Content starts

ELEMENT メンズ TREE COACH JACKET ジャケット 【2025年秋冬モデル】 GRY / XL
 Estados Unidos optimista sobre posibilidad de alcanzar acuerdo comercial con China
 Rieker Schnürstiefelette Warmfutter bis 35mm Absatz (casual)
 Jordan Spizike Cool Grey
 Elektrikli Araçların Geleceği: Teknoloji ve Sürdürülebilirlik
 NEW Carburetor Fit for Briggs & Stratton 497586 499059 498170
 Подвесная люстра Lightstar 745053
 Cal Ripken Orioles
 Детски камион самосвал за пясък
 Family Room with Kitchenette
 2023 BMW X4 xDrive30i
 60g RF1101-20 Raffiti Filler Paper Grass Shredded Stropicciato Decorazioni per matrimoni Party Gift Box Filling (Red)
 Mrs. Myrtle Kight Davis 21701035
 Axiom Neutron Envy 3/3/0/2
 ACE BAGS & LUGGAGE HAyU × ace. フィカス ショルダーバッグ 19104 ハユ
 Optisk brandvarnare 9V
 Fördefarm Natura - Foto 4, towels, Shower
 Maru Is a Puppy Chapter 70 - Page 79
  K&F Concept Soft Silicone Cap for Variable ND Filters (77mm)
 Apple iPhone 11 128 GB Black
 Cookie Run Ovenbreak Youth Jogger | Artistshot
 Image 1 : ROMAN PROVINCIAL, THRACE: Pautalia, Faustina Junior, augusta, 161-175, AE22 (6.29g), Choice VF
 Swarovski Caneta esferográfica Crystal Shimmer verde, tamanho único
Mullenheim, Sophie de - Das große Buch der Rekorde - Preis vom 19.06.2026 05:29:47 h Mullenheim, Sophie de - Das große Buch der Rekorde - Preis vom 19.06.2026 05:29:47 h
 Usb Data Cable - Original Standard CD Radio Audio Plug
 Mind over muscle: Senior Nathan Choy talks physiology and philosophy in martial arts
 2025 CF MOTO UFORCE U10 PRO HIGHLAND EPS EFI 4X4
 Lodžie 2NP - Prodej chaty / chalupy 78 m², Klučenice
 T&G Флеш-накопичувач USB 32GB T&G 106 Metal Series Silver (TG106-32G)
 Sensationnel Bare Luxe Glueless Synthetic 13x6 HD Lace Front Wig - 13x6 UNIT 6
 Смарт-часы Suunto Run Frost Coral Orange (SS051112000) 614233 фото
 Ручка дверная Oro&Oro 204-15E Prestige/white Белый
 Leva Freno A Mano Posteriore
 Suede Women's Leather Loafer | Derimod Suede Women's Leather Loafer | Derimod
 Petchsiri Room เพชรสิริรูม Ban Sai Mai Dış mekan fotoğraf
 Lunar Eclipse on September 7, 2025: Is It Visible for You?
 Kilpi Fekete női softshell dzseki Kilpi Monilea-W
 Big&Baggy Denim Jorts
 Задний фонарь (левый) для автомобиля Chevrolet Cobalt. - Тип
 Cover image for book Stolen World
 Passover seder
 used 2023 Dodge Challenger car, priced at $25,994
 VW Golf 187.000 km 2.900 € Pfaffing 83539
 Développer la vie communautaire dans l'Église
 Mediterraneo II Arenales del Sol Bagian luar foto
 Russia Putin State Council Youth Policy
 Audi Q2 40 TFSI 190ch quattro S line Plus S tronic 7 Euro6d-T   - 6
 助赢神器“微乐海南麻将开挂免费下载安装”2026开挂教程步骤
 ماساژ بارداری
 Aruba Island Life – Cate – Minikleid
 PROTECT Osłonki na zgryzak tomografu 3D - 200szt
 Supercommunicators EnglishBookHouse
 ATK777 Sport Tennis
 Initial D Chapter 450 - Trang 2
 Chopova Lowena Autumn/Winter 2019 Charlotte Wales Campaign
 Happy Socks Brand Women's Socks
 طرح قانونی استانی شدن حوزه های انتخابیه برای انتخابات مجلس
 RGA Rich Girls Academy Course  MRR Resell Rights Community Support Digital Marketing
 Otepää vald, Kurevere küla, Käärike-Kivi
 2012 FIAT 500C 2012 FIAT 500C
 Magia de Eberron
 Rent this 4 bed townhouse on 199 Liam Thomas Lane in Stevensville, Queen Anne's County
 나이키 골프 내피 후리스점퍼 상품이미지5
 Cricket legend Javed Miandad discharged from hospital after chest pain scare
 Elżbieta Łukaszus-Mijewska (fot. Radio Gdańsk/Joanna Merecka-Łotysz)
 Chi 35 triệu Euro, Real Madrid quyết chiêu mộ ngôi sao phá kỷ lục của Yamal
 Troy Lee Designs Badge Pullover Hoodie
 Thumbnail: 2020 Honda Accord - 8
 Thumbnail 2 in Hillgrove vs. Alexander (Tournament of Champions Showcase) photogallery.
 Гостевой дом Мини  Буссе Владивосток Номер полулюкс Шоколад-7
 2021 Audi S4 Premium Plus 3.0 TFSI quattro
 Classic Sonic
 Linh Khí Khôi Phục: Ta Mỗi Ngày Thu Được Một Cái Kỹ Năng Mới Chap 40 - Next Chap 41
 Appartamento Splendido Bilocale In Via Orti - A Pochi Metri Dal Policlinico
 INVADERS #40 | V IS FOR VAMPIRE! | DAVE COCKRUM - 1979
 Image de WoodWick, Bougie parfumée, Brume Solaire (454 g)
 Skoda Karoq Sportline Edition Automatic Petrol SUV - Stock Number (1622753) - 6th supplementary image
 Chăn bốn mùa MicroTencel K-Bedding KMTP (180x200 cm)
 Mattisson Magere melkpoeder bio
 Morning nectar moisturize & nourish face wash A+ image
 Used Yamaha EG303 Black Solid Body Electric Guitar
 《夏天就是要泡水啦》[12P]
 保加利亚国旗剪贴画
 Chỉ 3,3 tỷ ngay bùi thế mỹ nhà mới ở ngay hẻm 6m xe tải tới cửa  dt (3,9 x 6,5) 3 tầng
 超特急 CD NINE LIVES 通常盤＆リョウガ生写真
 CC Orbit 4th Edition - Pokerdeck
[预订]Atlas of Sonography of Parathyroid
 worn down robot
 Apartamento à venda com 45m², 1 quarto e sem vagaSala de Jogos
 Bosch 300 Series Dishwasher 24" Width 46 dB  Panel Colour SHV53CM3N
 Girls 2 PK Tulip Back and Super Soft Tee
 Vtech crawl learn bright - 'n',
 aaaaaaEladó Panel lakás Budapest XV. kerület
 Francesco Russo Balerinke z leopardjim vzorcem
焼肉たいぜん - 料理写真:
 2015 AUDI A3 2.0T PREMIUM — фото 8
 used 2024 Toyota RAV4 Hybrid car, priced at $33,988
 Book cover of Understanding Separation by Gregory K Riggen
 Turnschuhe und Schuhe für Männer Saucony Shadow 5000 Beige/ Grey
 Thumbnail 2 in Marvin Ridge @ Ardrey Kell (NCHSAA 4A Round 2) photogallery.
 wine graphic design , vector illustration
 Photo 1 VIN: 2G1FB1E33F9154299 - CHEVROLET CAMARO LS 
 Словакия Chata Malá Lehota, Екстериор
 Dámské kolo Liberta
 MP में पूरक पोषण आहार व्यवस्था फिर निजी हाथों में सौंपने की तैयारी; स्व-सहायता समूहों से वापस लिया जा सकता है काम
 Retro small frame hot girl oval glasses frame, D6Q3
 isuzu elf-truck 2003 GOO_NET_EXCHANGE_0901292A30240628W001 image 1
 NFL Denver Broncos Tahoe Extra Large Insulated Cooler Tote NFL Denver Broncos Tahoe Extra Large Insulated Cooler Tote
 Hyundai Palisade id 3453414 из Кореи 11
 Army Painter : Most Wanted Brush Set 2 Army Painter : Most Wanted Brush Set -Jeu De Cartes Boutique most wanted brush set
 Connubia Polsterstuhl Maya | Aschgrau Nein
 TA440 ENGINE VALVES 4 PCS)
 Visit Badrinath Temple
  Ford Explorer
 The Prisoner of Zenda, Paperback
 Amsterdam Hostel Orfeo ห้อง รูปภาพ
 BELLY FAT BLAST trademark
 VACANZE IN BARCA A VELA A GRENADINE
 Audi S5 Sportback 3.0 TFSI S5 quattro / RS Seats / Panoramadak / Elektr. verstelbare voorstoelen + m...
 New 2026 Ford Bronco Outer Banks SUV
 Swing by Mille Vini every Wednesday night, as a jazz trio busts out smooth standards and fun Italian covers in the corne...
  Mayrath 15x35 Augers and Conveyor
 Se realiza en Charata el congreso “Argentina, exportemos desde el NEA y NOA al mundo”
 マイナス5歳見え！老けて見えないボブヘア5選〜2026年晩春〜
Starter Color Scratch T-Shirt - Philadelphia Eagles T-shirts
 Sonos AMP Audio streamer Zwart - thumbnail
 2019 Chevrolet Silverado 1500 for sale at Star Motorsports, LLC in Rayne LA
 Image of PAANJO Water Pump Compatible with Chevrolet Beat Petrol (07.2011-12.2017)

Content ends

_WORK TO COMPLETE_
Please reproduce exactly the lines in the listing above from the one containing "Cover image for book Stolen World" through the one containing "Russia Putin State Council Youth Policy", both included, and nothing more.

_RESPONSE TO THIS TASK_
 Cover image for book Stolen World
 Passover seder
 used 2023 Dodge Challenger car, priced at $25,994
 VW Golf 187.000 km 2.900 € Pfaffing 83539
 Développer la vie communautaire dans l'Église
 Mediterraneo II Arenales del Sol Bagian luar foto
 Russia Putin State Council Youth Policy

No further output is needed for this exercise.